How OAuth 2.0 works?

Jude Niroshan
Oct 9, 2018 · 4 min read

OAuth is a specification and it is being used to Authorization of resources for different outside people. We are using OAuth 2.0 as the standard specification by the time of writing this post. OAuth is a very simple workflow which has defined to allow the facility for the resource owner to share resources in a more controlled manner.

Today, almost all the giants in software industry adhere to this specification so that other software systems can easily share resources in between the system.

OAuth 2.0 is a HTTPS-based protocol which enables a resource owner (the end-user), using a user-agent (typically a browser), lets a client (typically an API consumer) access a protected resource on a resource server (typically an API provider) using credentials stored on an authorization server. Access to the protected resource is authorized by an access token.

Clients are assigned secrets that are shared with the authorization server.

1. Authorization Flows

There are 4 flows available.

1.1. Authorization Code flow

The Authorization Code flow is used when the client is a third-party server or web application, which performs the access to the protected resource.

The client does not have access to the resource owner credentials.

The user-agent connects to a URL hosted by the client. The client redirects the user-agent to the authorization server, including information identifying itself (a client id), the request (scope — the permissions being requested), and a URL pointing back to the client (redirect URL — it is referred to as an URI in the spec though it is always a HTTP URL).

The authorization server authorizes the resource owner, and may perform authentication such as username/password verification, and confirmation of the action requested. On success, it directs the user-agent back to the client through the provided redirect URL, adding an authorization code to the URL.

The redirect URL typically points to a server-side script that requests the access token through a POST to the authorization server. The POST is authenticated by the client secret, and provides the authorization code received as proof that the resource owner has indeed authorized the request. The server responds with the access token and an expiration time in the POST response.

1.2. Implicit Grant flow

The Implicit Grant flow is used when the user-agent will access the protected resource directly, such as in a rich web application or a mobile app. The client secret is not used.

The user-agent connects to a URL on the authorization server. This could either be a direct connection, or through a redirect made from the client. The request contains the client id, the request scope, and the redirect URL. If the authorization server passes the request, it performs a redirect to the redirect URL with the access token and expiration time in the fragment (after the hash #).

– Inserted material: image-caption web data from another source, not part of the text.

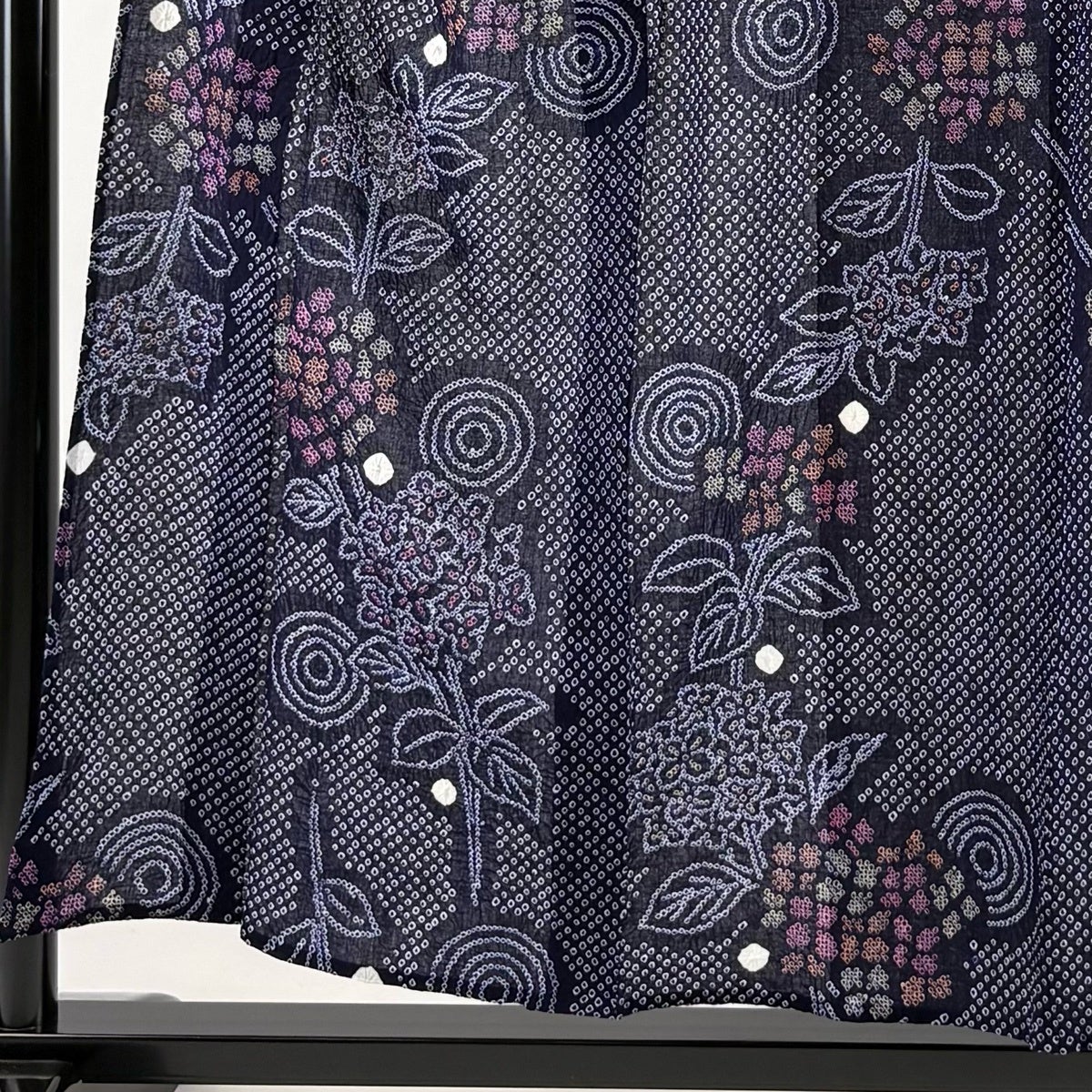 美品】 浴衣 身丈154.5cm 裄丈63cm S 絞り浴衣 紫陽花 濃紺 綿 名品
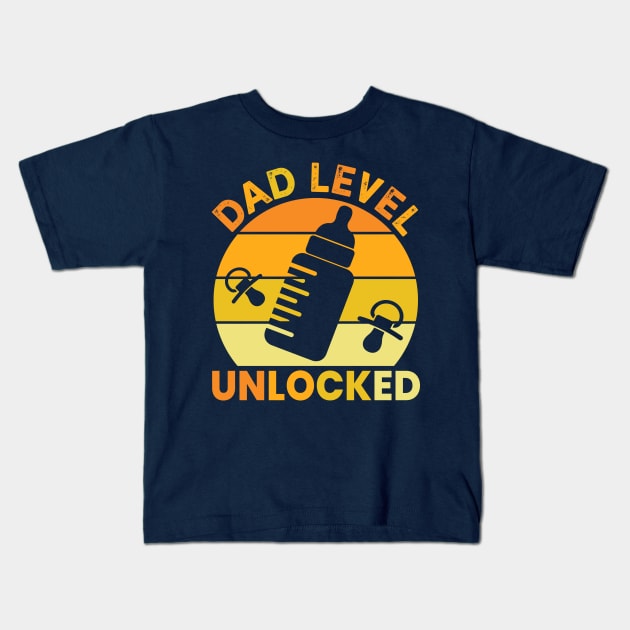 Dad level unlocked Kids T-Shirt by Yolanda84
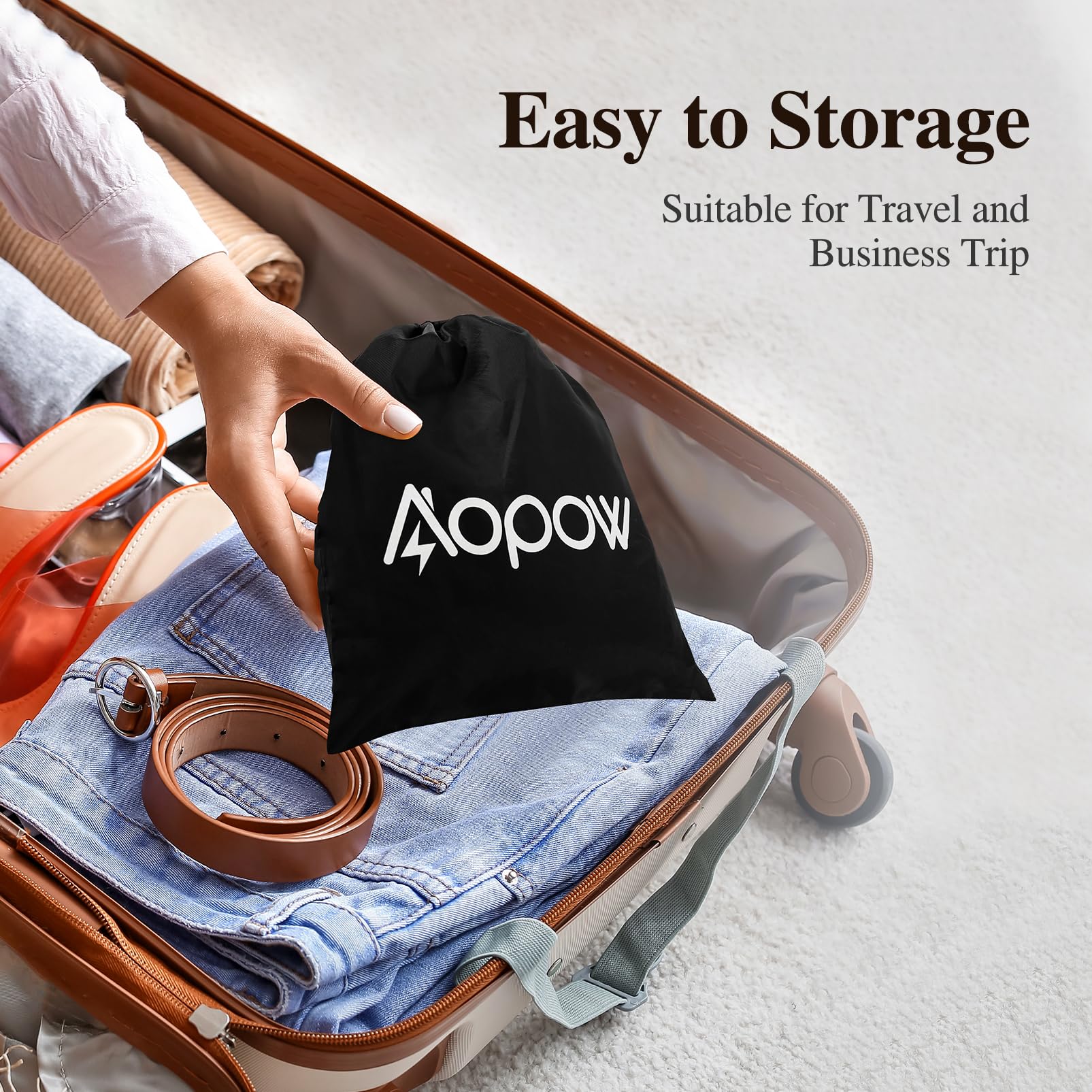 aopow steamer cap travel-compact image shows portability for home and trips.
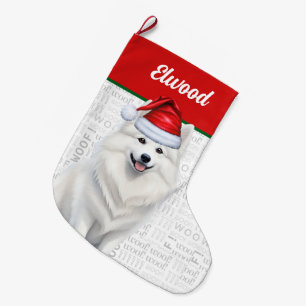 Grande Chaussette De Noël Noël American Eskimo Nom Chien Woof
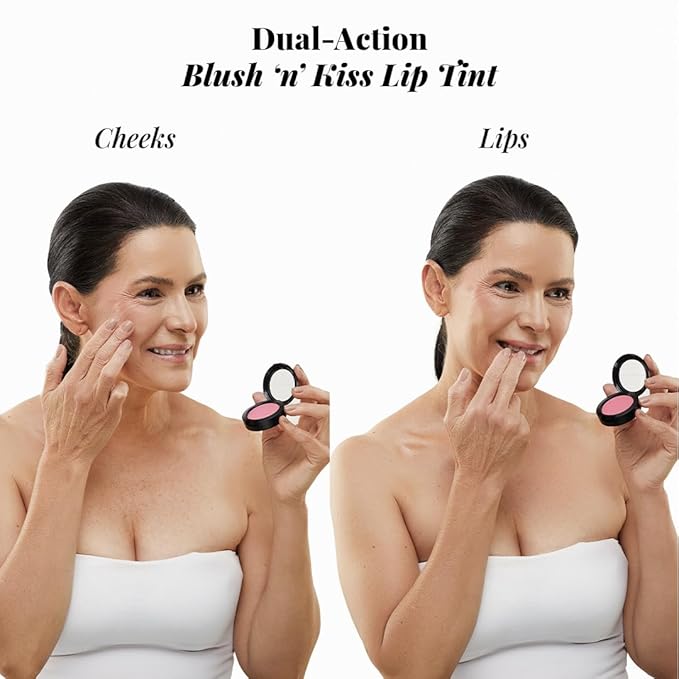 Jerome Alexander Blush ‘n’ Kiss Cream Blush for Cheeks & Lips | Creamy, Lightweight, Buildable Coverage | Blush Balm Face Makeup | Tint Vermillion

While the redirect URL points to the client, code inside the client (that is, the server-side app) does not see it. Instead, the URL may be used to load JavaScript that takes the access token from the URL and uses it. Or, a mobile app can capture the redirect, extract the access token and use it in its code, in which case the URL may just point to static content.

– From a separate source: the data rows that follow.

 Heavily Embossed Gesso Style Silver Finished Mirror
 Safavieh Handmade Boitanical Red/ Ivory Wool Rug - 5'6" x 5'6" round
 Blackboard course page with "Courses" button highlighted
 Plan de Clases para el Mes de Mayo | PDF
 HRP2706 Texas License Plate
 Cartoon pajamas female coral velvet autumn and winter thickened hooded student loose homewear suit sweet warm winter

1.3. Resource Owner Password Credentials flow

The resource owner password credentials flow is used when the resource owner trusts the client to get its username and password. The client obtains the credentials through other means that are out of scope, then passes them directly to the authorization server to request an access token. This flow can be used to migrate traditional username/password authentication schemes.

1.4. Client Credentials flow

The client credentials flow obtains the access token purely based on the client shared secret.

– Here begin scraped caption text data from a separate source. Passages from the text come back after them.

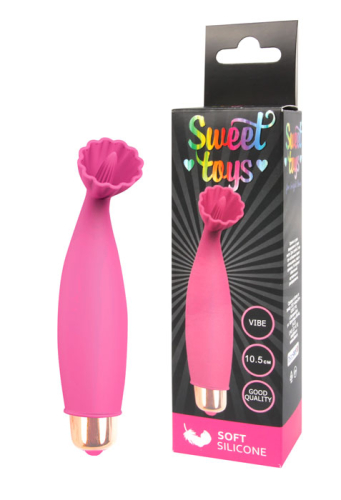 Вібратор силіконовий для клітора з ніжними відростками SWEET TOYS Рожевий L 10,5 см d 2, 5x2, 9 см зі знімною вібропулею - 4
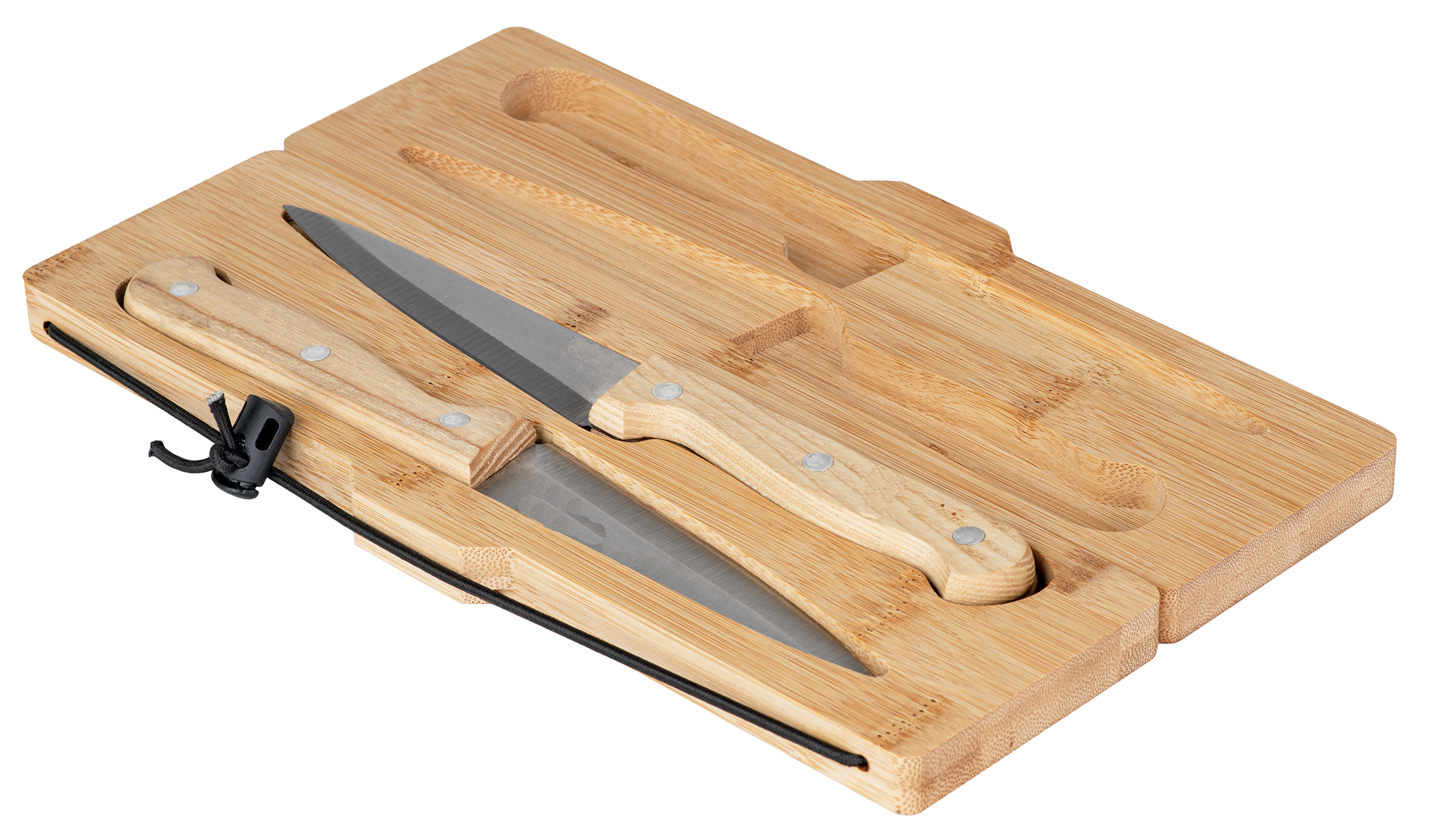 Klappbares Outdoor Camping-Schneidebrett aus Bambus inkl. 2 integrierter Edelstahl-Messer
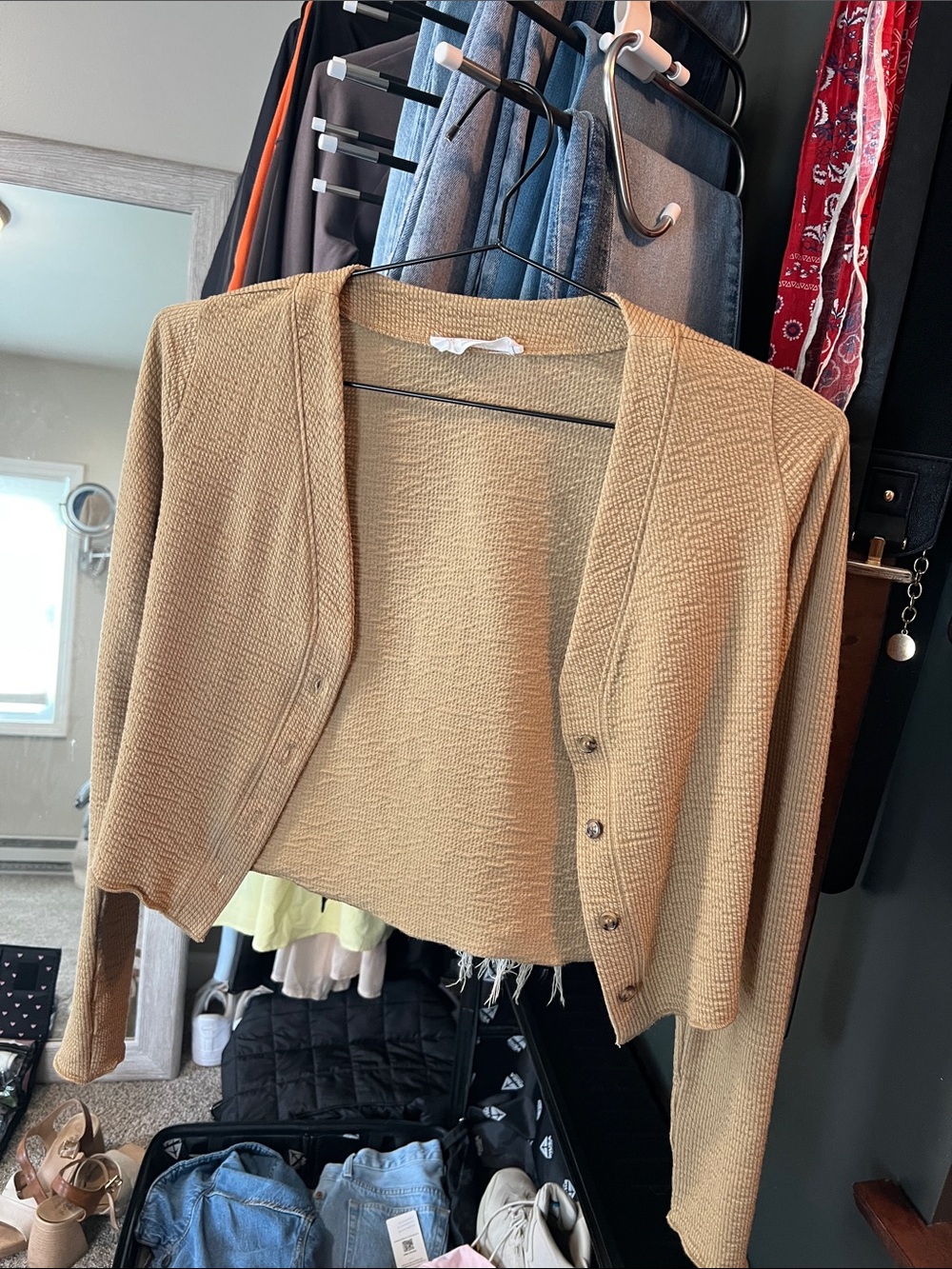 Double Zero Beige Cropped Button Cardigan Sweater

2. Access to the Protected Resource

Once the client or user-agent (in the implicit grant flow) has the access token, it may use it to access the protected resource. There are 2 standard ways of sending the credentials, though more can be defined.

2.1. Bearer Token

The access token is should be placed in the Authorization HTTP header, and may only be placed in a POST request body, or the GET URL parameters as a fallback option.

2.2. MAC

A cryptographic MAC (Message Authentication Code) is computed using elements of the request and sent in the Authorization header. The Resource Owner computes and compares the MAC upon receiving the request.

The access token may only be placed in the Authorization HTTP header

3. Refresh Tokens

In the Authorization Code and Resource Owner Credentials flows, the authorization server implementation may choose to issue a refresh token. This refresh token may be used to obtain a new access token without requesting authorization again.